Drop all pictures and repeat exactly the lines from the line holding "Bangla Ballot: Review" through the end of the records.

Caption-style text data
====
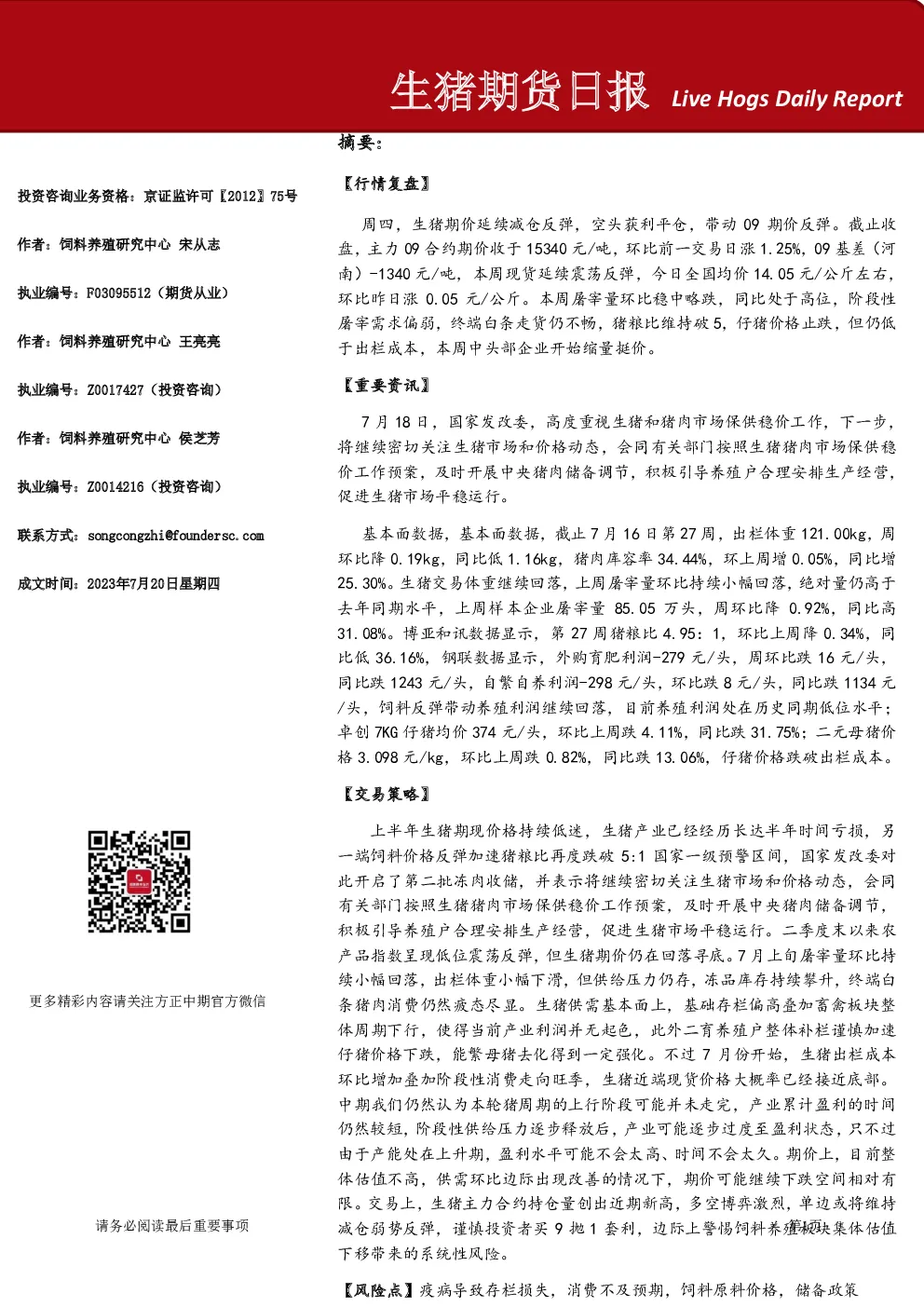 生猪期货日报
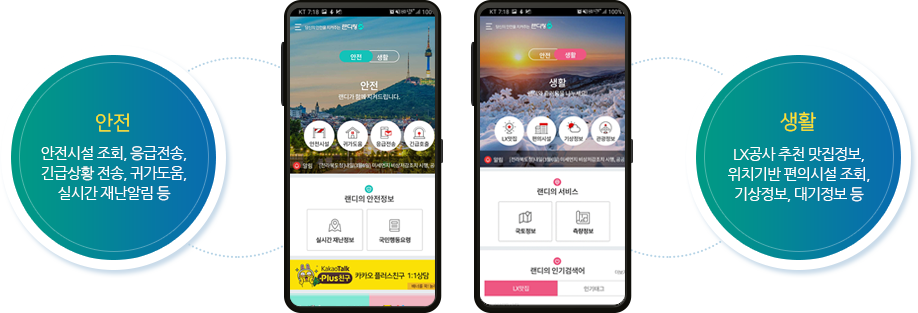 랜디랑의 주요서비스에 대한 PC의 이미지이며, 관련 설명은 아래에 있습니다.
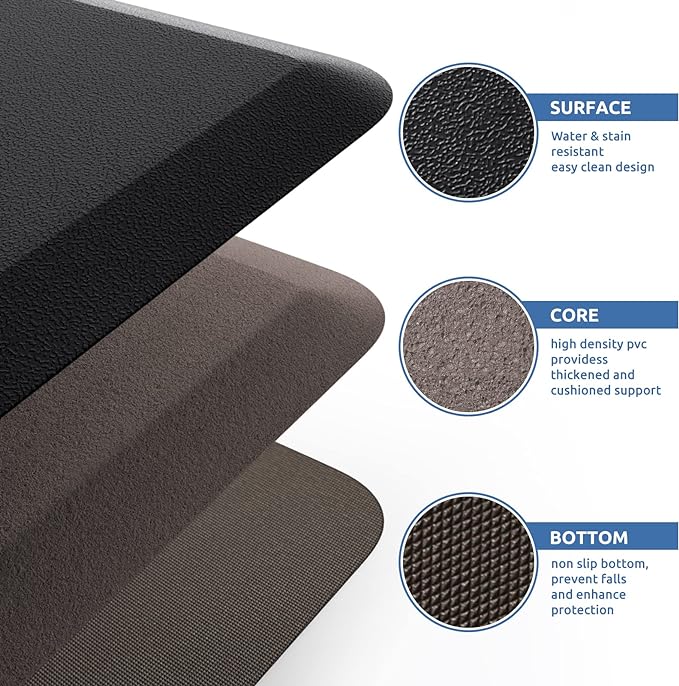 KitchenClouds Kitchen Mat Cushioned Anti Fatigue Kitchen Rug 17.3"x39" Water Resistant Non Slip Kitchen Rugs and Mats Standing Desk Mat Comfort Floor Mats for Kitchen House Sink Office (Black)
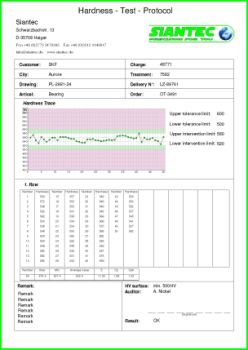 Hardsoft - i - mit Messschieber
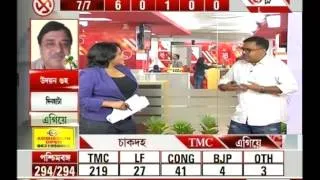 Bangla Ballot: Review on West Bengal polls result; TMC leads by 217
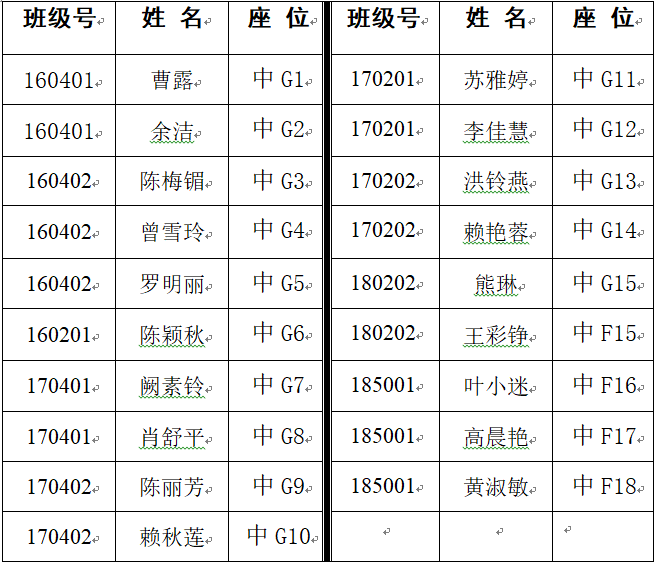 仰恩大学第十期发展对象培训班座位安排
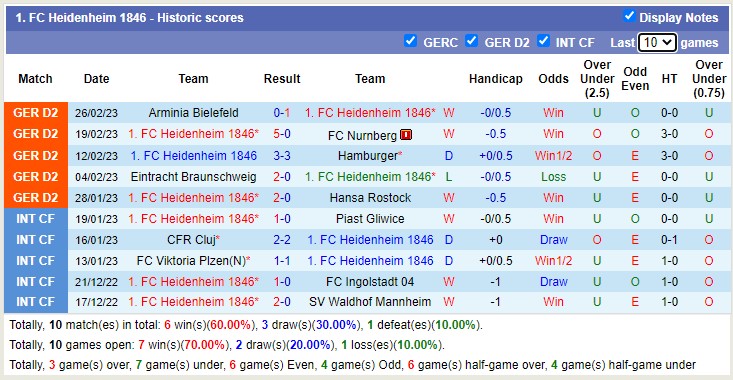 Nhận định, soi kèo Heidenheim vs Darmstadt, 2h30 ngày 5/3 - Ảnh 1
====
» **Solved exercise**
 Bangla Ballot: Review on West Bengal polls result; TMC leads by 217
 仰恩大学第十期发展对象培训班座位安排
 Nhận định, soi kèo Heidenheim vs Darmstadt, 2h30 ngày 5/3 - Ảnh 1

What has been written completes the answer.